Private equity has become a massive $4.4 trillion industry that could more than double by 2025. It has an outsized impact on our economy and our lives, sometimes controlling our water and electricity, our household brands, our roads, highways and trains, and even our schools, homes and places of work. Yet despite its reach and impact, the industry fails to come close to representing the population at large. Fewer than 10% of senior roles are held by women; at its upper echelons, that figure drops to a mere 5%. Sunaina Sinha Haldea, the managing partner at leading placement agent and secondary market advisor Cebile Capital, is chipping away at private equity’s thick glass ceiling and redefining what success looks like in this vitally important but poorly understood industry.

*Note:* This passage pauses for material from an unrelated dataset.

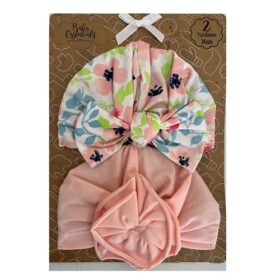 Baby Essentials Baby Girl Headwrap Turban  2 Pack - 0-6 Months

Cebile Capital has offices in New York, Los Angeles and London and oversees billions of dollars in deal transactions per year across a spectrum of sectors, from technology to utilities and agriculture. In stark contrast to the industry as a whole, Haldea’s firm is highly diverse: More than half of the employees are women or minorities. “I saw an unmet need in the market for a private equity advisory firm that is solely focused on mid-market firms and that acts as a strategic partner—not just another service provider—to its private equity clients.”

“We have achieved this by advising on a myriad of liquidity solutions and raising capital for successive funds, co-investments and direct deals for private equity general partners,” said Haldea on why she founded Cebile Capital.